• TASK TO COMPLETE: Starting with the line that has "The problems of" in the records below and stopping after the line that has "Hello children, we", output every line exactly and nothing else; skip pictures.

• INPUT DATA:
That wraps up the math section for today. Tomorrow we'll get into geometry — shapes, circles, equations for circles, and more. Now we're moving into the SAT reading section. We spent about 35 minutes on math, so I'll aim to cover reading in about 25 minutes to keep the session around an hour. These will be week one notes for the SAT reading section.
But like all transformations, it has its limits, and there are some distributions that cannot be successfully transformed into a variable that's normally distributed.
...
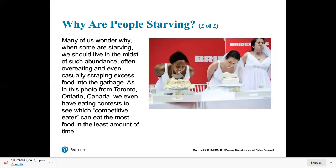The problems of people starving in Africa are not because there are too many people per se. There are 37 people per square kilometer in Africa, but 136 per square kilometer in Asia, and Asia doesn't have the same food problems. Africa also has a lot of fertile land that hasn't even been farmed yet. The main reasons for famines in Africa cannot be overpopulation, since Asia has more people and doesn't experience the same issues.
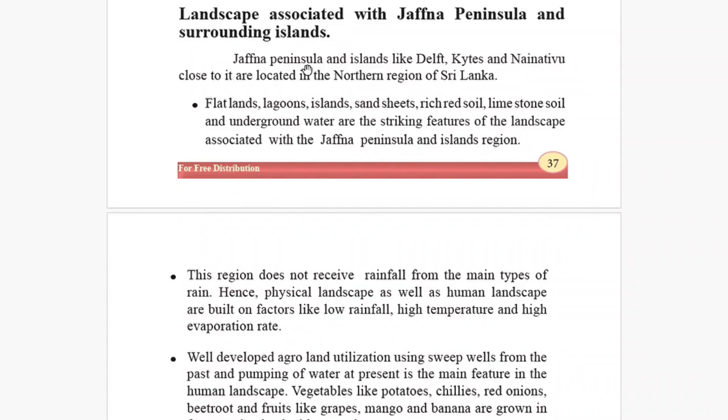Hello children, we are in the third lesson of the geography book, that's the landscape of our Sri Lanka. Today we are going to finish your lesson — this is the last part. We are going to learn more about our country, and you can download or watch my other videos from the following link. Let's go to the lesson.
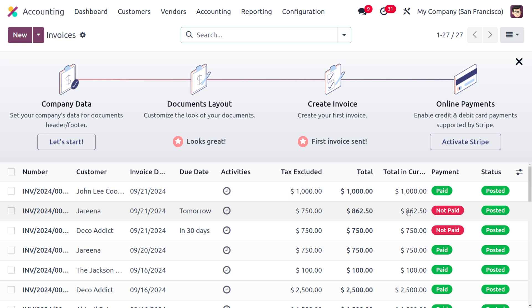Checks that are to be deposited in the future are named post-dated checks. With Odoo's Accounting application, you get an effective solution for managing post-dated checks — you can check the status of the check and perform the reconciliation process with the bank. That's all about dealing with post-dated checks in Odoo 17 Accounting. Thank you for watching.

• RESULT:
The problems of people starving in Africa are not because there are too many people per se. There are 37 people per square kilometer in Africa, but 136 per square kilometer in Asia, and Asia doesn't have the same food problems. Africa also has a lot of fertile land that hasn't even been farmed yet. The main reasons for famines in Africa cannot be overpopulation, since Asia has more people and doesn't experience the same issues.
Hello children, we are in the third lesson of the geography book, that's the landscape of our Sri Lanka. Today we are going to finish your lesson — this is the last part. We are going to learn more about our country, and you can download or watch my other videos from the following link. Let's go to the lesson.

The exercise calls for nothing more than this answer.